The results are strongly positive, according to the BIS, that says its proposed platform achieves increased transaction speed, enhanced transparency, reduced market impact, fewer errors and more effective controls and monitoring around AML and other checks.
“The prototype illustrates how shared infrastructure, interoperable tokens, programmable workflows, atomic settlement and privacy-preserving execution can address many of the well-known pain points in cross-border payments,” the paper states.
In the proposed structure, the need for sequential processing is reduced by combining a path discovery mechanism with the ability to perform sanctions screening, AML/CFT checks and fraud detection, in parallel. Since the platform uses atomic settlement, counterparties can align payment‑related information before committing liquidity, potentially lowering the incidence of failed payments and reducing the costly need to unwind transactions.
Transactions can also occur faster as settlement occurs in seconds once funds or liquidity are locked. Around the clock operations mean that delays caused by misaligned operating hours across jurisdictions can be mitigated.
Since all parties to a transaction have access to real-time payment status, while maintaining privacy from non-participating entities, privacy can be maintained and the BIS notes this visibility could, in the future, be extended to end users, including debtors and creditors.
The BIS also notes that the modular design can unlock new capabilities, including conditional and always-on payments, while enabling future enhancements in areas such as anti-money laundering, countering the financing of terrorism, sanctions compliance and fraud detection, as regulatory and data-sharing frameworks evolve.

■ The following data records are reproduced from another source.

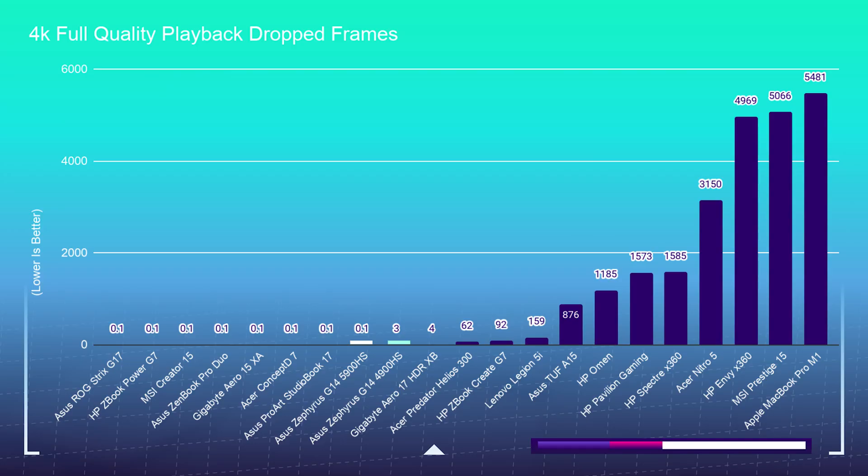Now for the 4K playback test, this is where I take a project filled with 16,177 frames in total and play it back at full quality in the timeline. Last year's 4900HS saw 3 drop frames, this year's 5900HS saw 0 drop frames. So almost identical though it did drop 3 frames.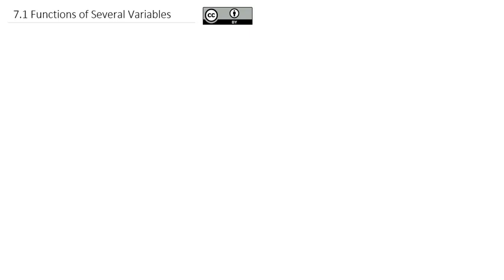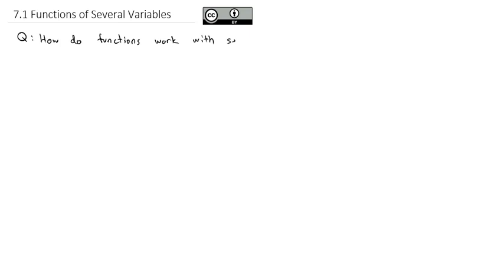At the end of each unit throughout our course, we're going to look at how the concepts we've been talking about work with multiple variables — not just having an x, but also having an x and a y, possibly an x, y, and a z. As we've been talking about functions, limits, and rates of change, we're going to answer the question: how do functions work with several variables?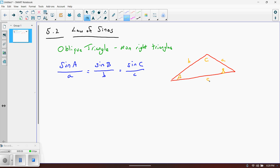Ultimately, you need to be given three pieces of information. In order to use the Law of Sines, you need to be given any one set — either capital A and lowercase a, or capital B and lowercase b, or capital C and lowercase c — and then any one of the other pieces. I prefer to think of it as: if you have any one side and its associated angle, and then any other piece, you can use the Law of Sines.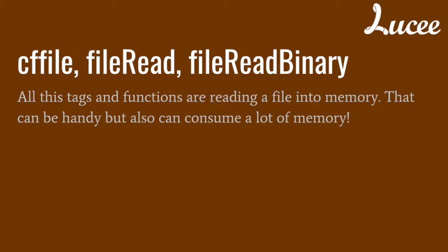The classic way you are familiar with is using the tag cffile or the functions fileRead or fileReadBinary. All these tags and functions are reading a file into memory, which can be handy but also can consume a lot of memory.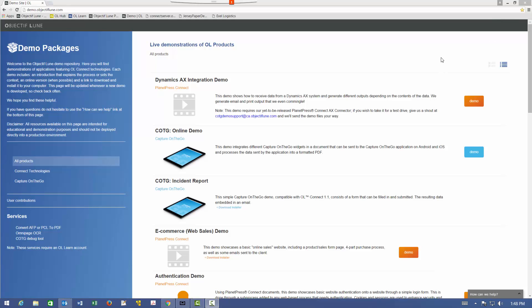Hello, I'm Thomas Greer, and today I will be showing you how to download, configure, and demonstrate PlanetPress Capture On The Go.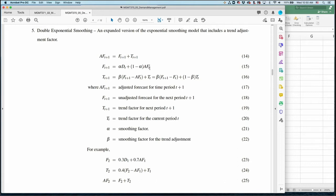With the beta smoothing factor, our final forecast consists of two parts: F (the unadjusted forecast) and T (the trending factor). We combine these in additive form. So the adjusted forecast AF consists of these two components: the general unadjusted forecast and the trending factor.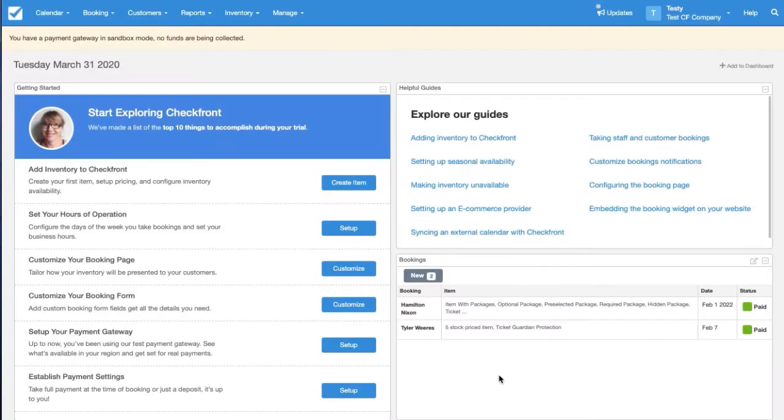Hi everyone, it's Brittany here from Checkfront. In this video we're going to go over how you can set up a book now pay later configuration.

Participants included the Bank of England, the Federal Reserve Bank of New York, the Bank of France (representing the Eurosystem), the Bank of Japan, the Bank of Korea, the Bank of Mexico, the Swiss National Bank and more than 40 private sector financial institutions.
The results of the exploratory work mean the next stage is real-value testing with transactions involving certain currencies and participants. The Bank of Canada will also participate in the project.
“The project has shown the possibility of completing atomic settlement of wholesale cross-border transactions using tokenised central bank reserves and tokenised commercial bank deposits. The findings indicate this is achievable securely and with finality across currencies and jurisdictions,” the paper states.